Adventures in New Guinea | Page 7

James Chalmers
Piri is a strong, hearty fellow; the climate seems to
have had little effect on him. They remained some time on board, when
they went ashore in the vessel's boat--Piri taking the teachers and their
wives ashore with him. The wind was ahead, and too strong for the

canoe, so the men who came off in her with Mr. Lawes and Piri
remained on board the Bertha till midnight, when the wind abated.
When the boat was leaving, they shouted to Mr. Lawes to tell us not to
be afraid, as they would not steal anything. They remained quietly on
board till two a.m.
Mr. McFarlane and I went ashore in the morning. The country looked
bare and not at all inviting. This is now the most western mission
station on New Guinea proper. Piri has a very comfortable house, with
a plantation near to it. The chapel, built principally by himself and wife,
is small, but comfortable, and well suited for the climate. The children
meet in it for school. The village has a very dirty, tumbledown
appearance.
The widows of two teachers who died last year shortly after their
arrival in the mission were living with Piri. We took them on board,
with their things, to accompany us to the new mission. I returned
ashore with the boat to fetch away the remainder of the things and
teachers who were ashore, and when ready to return found the vessel
too far off to fetch her, so, after pulling for some time, we up sail and
away for Port Moresby. Piri and his wife came with us in their large
canoe. We saw several dugongs on the way, which some esteem extra
good food. Tom, one of the Loyalty Island teachers, who was in the
boat with us, expressed their edible qualities thus: "You know, sir, pig,
he good." "Yes, Tom, it is very good." "Ah, he no good; dugong, he
much good." It must be good when a native pronounces it to be better
than pork.
We arrived at Port Moresby about six o'clock. I cannot say I was much
charmed with the place, it had such a burnt-up, barren appearance.
Close to the village is a mangrove swamp, and the whole bay is
enclosed with high hills. At the back of the mission premises, and close
to them, is a large swampy place, which in wet weather is full of water.
There can be no doubt about Port Moresby being a very unhealthy
place. We went ashore for breakfast next day, and in the afternoon
visited the school; about forty children were present--an unusually large
number. Many of the children know the alphabet, and a few can spell

words of two or three letters. In walking through the village in the
afternoon we saw the women making their crockery pots, preparing for
the men's return from the Gulf, the next north-west season, with large
quantities of sago. We visited the graves of the teachers, which are kept
in good order. They are all enclosed by a good fence. Within the same
enclosure is one little grave that will bind New Guinea close to the
hearts of Mr. and Mrs. Lawes.

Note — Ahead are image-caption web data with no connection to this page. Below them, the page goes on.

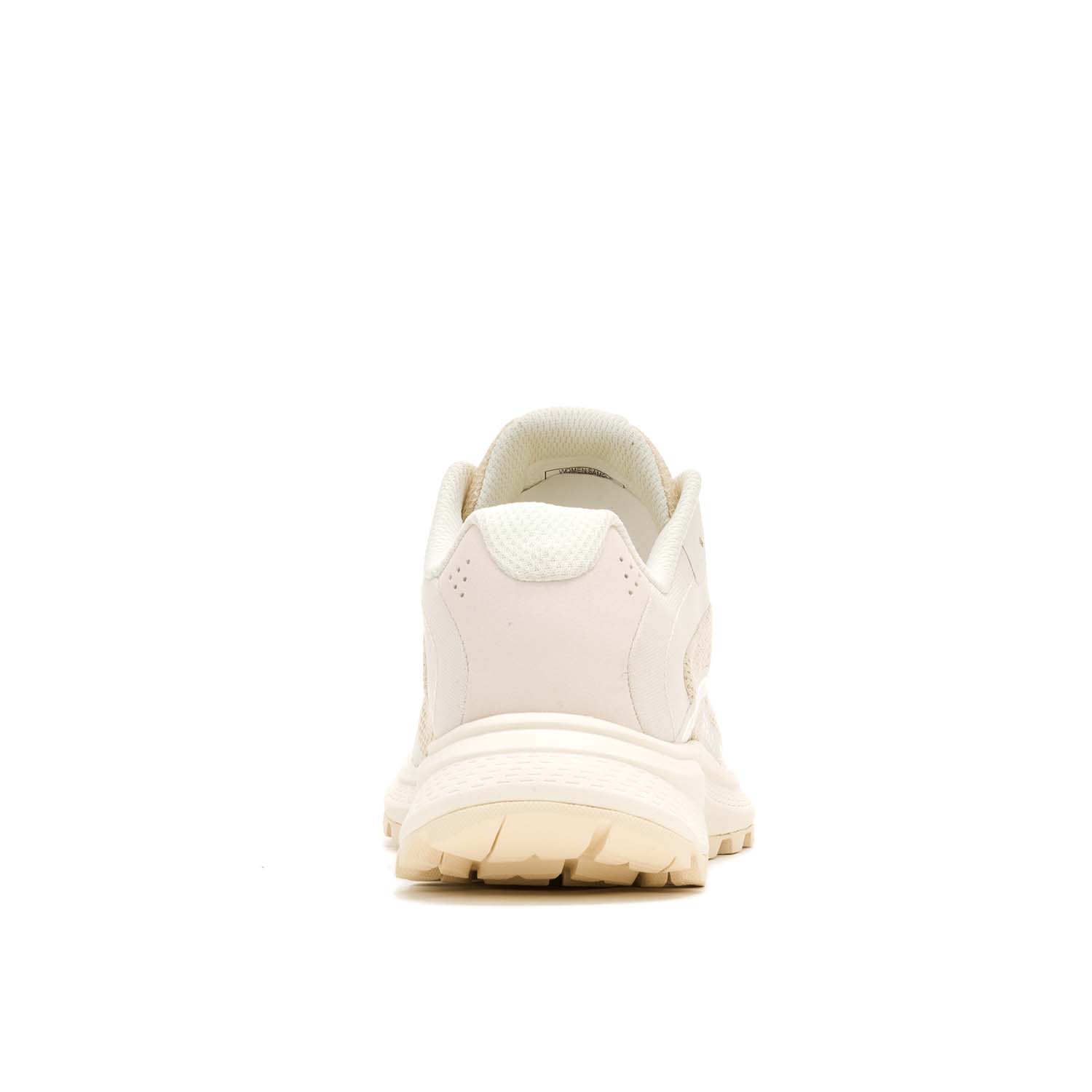 Zapatilla Mujer Fly Strike 2 Crema Merrell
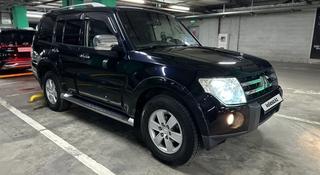 Mitsubishi Pajero 2009 года за 8 800 000 тг. в Алматы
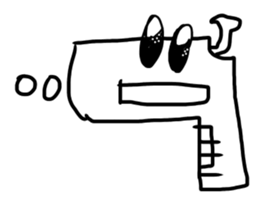 kawaiiiiiiiii sticker 2 sticker #14183217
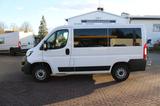 Fiat Ducato Kombi 30 140 L1H1 RS: 3000 mm - Fiat Ducato Gebrauchtwagen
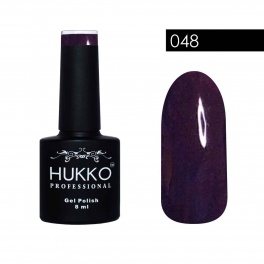 HUKKO Гель - лак  48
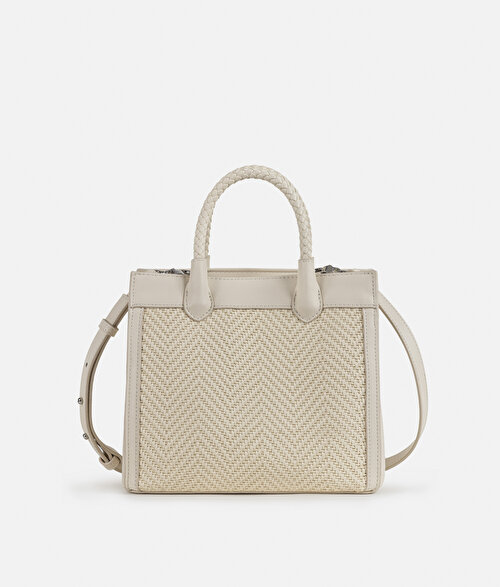 Artisan tote çanta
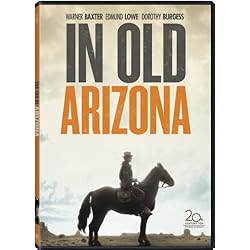In Old Arizona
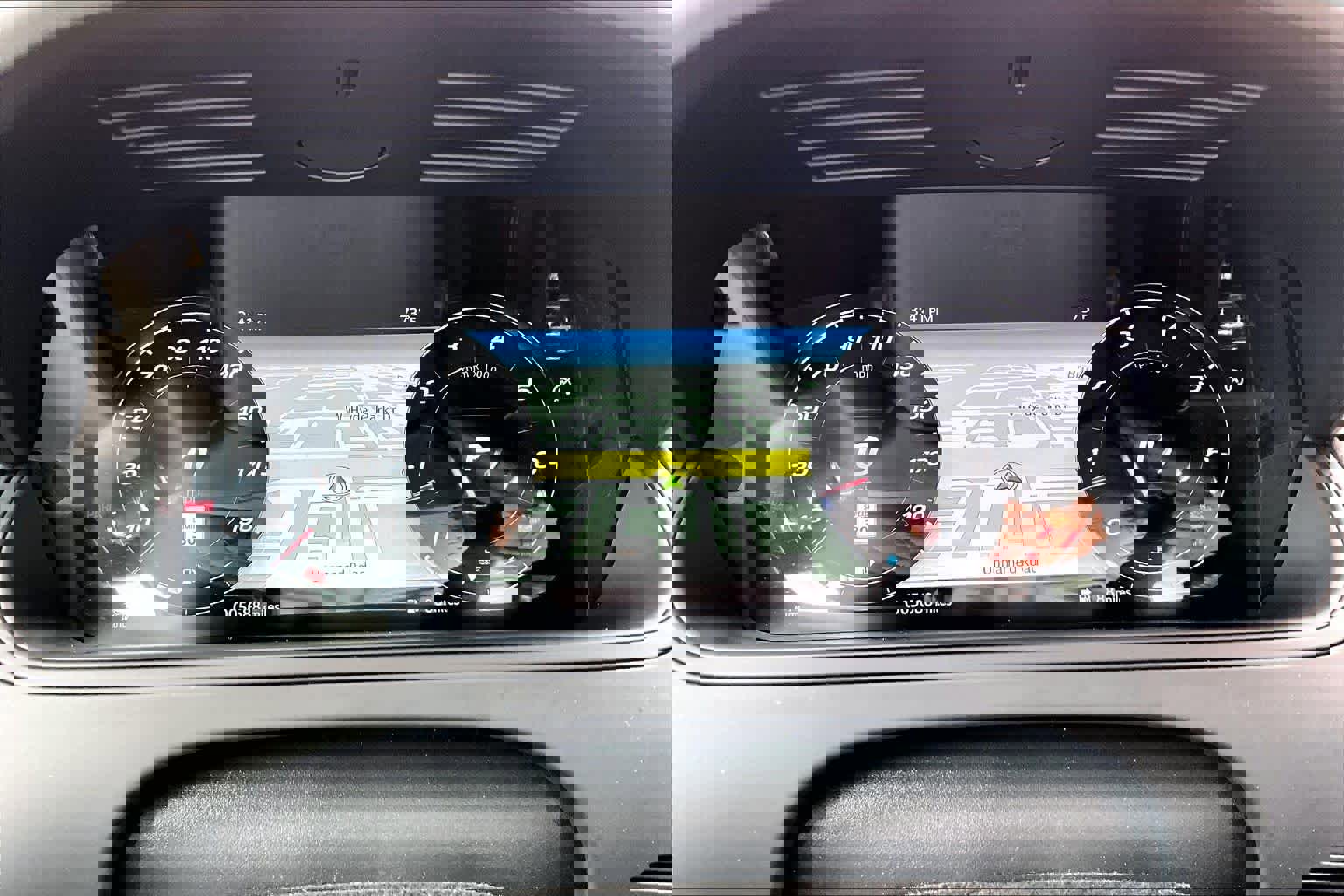 Used 2023 Jaguar F-TYPE R image 21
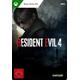 Resident Evil 4 | Standard Edition | Xbox Series X|S - Download Code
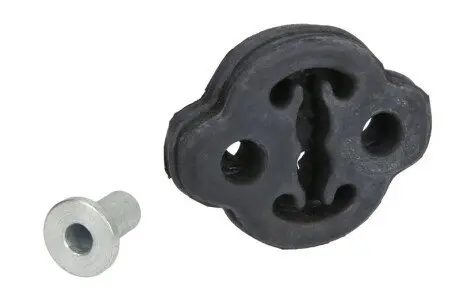 Гумові смужки, система випуску BOSAL 255-009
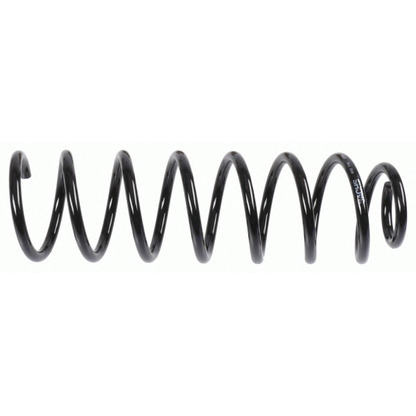 Photo Coil Spring SACHS 996036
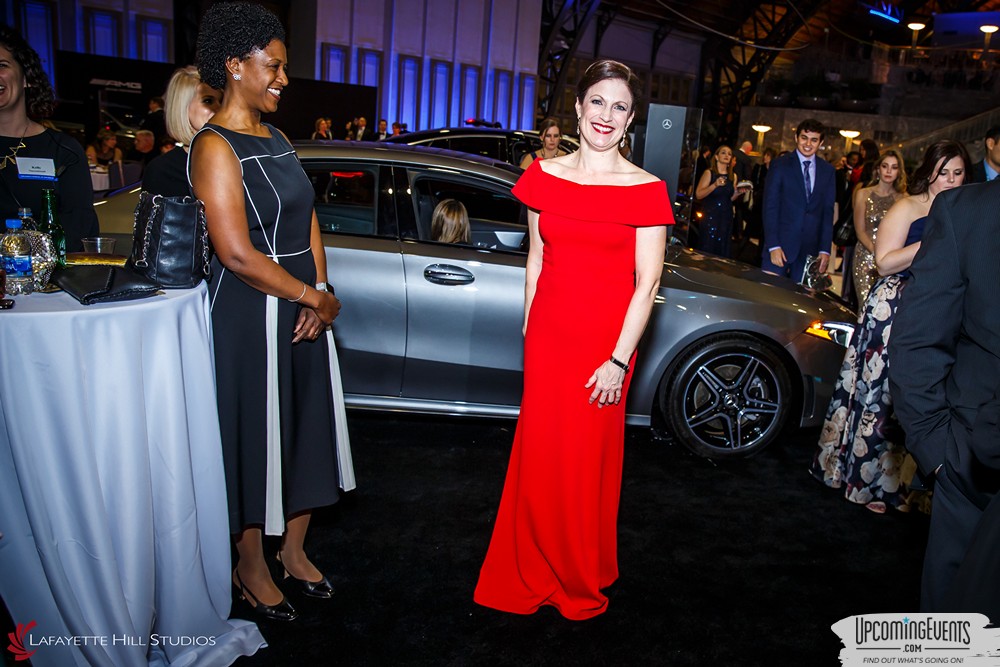 Black Tie Tailgate 2019 (General Event Shots)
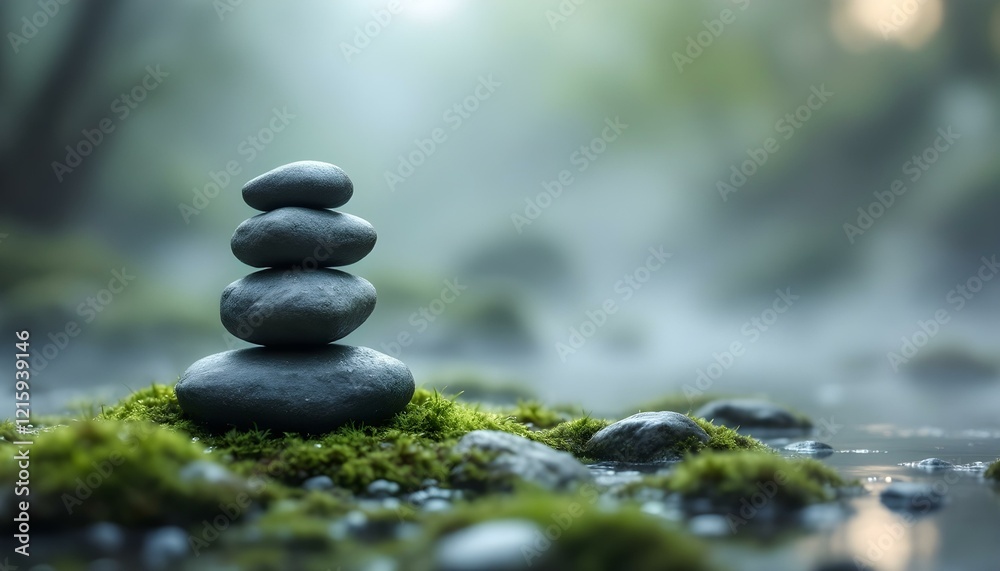 zen, stones, tall, stack, uneven, shapes, rugged, textures, mossy, damp, surface, morning, mist, soft, diffused, lighting, dewdrops, visible, natural, serene, tranquil, harmony, peaceful, meditative, zen, stones, tall, stack, uneven, shapes, rugged, textures, mossy, damp, surface, morning, mist, soft, diffused, lighting, dewdrops, visible, natural, serene, tranquil, harmony, peaceful, meditative,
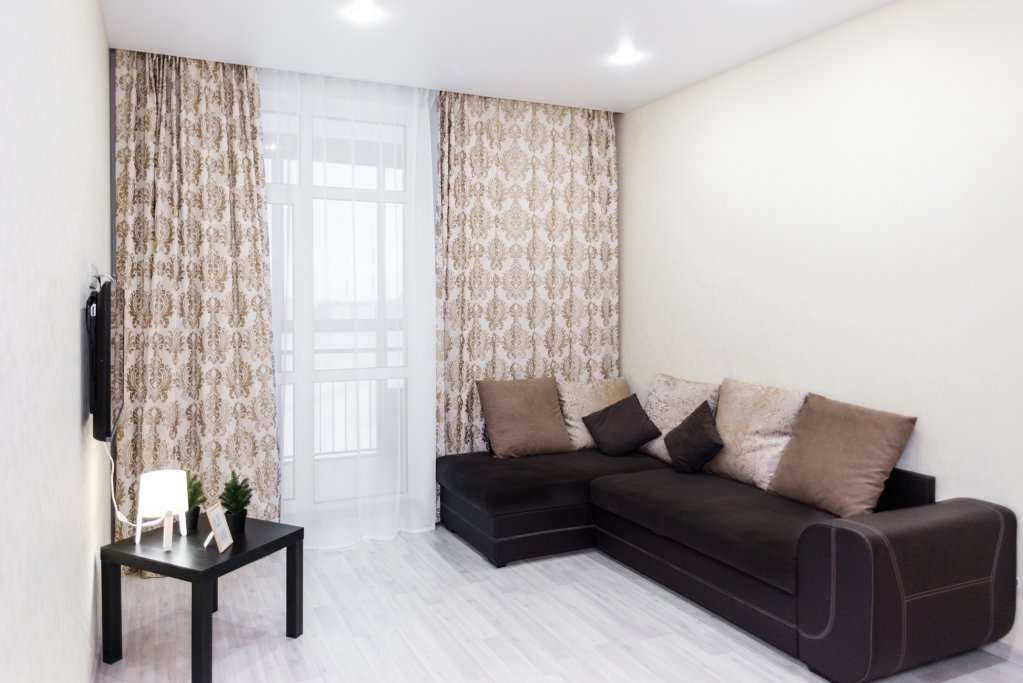 Фотография квартиры Апартаменты RentHouse на Татищева 47 А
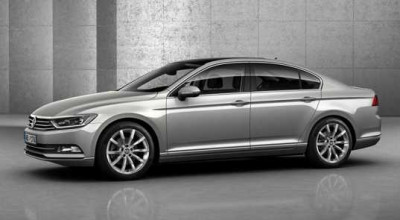 Volkswagen Will End The Passat Production After 2023 - Photo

Over them all may be written--"For
Christ's sake."
In returning from the graves, we met a man in mourning, whose wife
had been killed in a canoe by natives about Round Head. He and his
friends had resolved to retaliate, but through the influence of the
teachers they did not do so. The teachers from the villages to the east of
Port Moresby came in this afternoon, looking well and hearty. Some of
them have suffered a good deal from fever and ague, but are now
becoming acclimatized. The natives of the various villages are not now
afraid of one another, but accompany their teachers from place to place.
Men, women, and children smoke, and will do anything for tobacco.
The best present you can give them is tobacco; it is the one thing for
which they beg.
As it was decided that the vessel should not leave before Tuesday of the
next week, Mr. McFarlane and I took a trip inland. I was anxious to see
for myself if anything could be done for the natives living in the
mountains. Mr. Goldie, a naturalist, with his party, was about ten miles
inland. He himself had been at Port Moresby for some days, and, on
hearing of our plans, he joined us, and we proceeded first to his camp.
We left Port Moresby about half-past five on Thursday morning, and
crossed the low ground at the back of the mission house. We ascended
the hill which runs all along the coast in this district at a part about
three hundred feet high, and then descended into a great plain.